Saya mendapatkan informasi dari sumber yang terpercaya bahwa surat pernyataan itu memang benar adanya. Pertanyaan selanjutnya adalah mengapa surat bernada intoleran begini bisa keluar dan bagaimana menyikapi dan menyelesaikan hal tersebut supaya tidak mengarah pada hal-hal yang mengancam kerukunan. Mungkin kita masih ingat dengan jelas insiden berdarah Tolikara 2015, yang juga bermula dari Surat Edaran yang isinya hampir sama dengan yang beredar saat ini.
Perlu dikedepankan bahwa penyelesaian masalah mesti dengan cara-cara damai dan kekeluargaan. Mengingat sejauh ini di Wamena kerukunan dan toleransi sudah cukup lama terjalin baik. Saya ingat tahun lalu saya mengisi materi dialog lintas Iman di Wamena, pak Pdt. Abraham Ungirwalu, STh (pak Bram), dari PGGJ, dengan berterus terang mengatakan bahwa persoalan kerukunan beragama di Wamena cukup baik. Namun, bukan berarti tidak ada benih-benih anti kerukunan terutama antara Muslim dan Kristen, akibat pemahaman yang cenderung menganggap bahwa ajaran agamanya yang paling benar dan menolak agama lain. Intinya dia mengatakan bahwa semua agama mengajarkan kasih kepada sesama. Pak Bram saat itu mengakhiri presentasinya yang singkat dengan mengatakan bahwa “kerukunan di Papua adalah harta terakhir yang dimiliki Papua, tanpa itu habislah Papua”, kira-kira demikian poin yang ingin disampaikan beliau, yang sudah sepuluh tahun mengabdi sebagai pelayan Tuhan.

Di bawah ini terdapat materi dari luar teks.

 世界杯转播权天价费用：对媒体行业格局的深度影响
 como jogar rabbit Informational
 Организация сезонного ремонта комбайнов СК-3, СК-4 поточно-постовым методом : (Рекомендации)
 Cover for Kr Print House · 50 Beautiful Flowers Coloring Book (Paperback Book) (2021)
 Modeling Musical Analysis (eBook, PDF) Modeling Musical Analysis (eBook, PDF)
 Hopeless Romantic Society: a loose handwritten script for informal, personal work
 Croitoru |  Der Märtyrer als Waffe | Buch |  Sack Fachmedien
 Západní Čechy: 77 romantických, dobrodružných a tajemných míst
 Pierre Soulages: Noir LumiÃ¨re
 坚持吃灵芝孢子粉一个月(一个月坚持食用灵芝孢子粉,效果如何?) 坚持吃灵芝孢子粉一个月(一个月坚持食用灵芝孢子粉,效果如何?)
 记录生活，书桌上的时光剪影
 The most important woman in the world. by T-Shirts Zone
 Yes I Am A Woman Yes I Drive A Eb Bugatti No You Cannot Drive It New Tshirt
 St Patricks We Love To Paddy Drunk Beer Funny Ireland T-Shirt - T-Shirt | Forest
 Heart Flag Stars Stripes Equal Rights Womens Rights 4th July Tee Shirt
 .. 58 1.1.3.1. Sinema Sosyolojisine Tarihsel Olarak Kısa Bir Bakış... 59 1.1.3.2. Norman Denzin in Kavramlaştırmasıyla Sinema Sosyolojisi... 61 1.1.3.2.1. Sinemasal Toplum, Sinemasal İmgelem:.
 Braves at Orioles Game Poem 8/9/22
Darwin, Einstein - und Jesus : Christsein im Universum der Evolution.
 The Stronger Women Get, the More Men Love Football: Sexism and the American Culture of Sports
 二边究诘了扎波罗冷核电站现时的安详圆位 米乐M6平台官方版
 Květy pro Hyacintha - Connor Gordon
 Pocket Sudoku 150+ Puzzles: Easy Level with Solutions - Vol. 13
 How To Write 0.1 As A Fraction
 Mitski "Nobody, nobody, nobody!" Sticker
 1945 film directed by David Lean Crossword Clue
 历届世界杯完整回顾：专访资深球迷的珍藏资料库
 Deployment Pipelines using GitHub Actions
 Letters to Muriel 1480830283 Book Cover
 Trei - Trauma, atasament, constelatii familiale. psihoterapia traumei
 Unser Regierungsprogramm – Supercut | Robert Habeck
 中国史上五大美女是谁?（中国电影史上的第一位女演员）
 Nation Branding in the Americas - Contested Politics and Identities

Tapi, ketika saya mendapatkan surat edaran tersebut saya merasa apakah ini memang ditandatangani secara sadar oleh pak Bram, karena surat edaran tersebut sangat melawan dan bertolak belakang dengan apa yang dia sampaikan tentang kerukunan ketika itu. Keluarnya surat ini mesti ada diskusi dan rasionalisasi dibaliknya. Meski, untuk derajat tertentu saya juga bisa memahami bahwa persoalan keadilan dan minoritisasi yang dirasakan umat Kristen di luar Papua mungkin juga penyebab keluarnya surat ini. Terlepas dari bagaimana perumusan surat itu dilakukan oleh PGGJ surat tersebut, hemat saya, muatannya sangat bertentangan dengan hak asasi manusia di dalam beragama yang dilindungi oleh UUD 1945.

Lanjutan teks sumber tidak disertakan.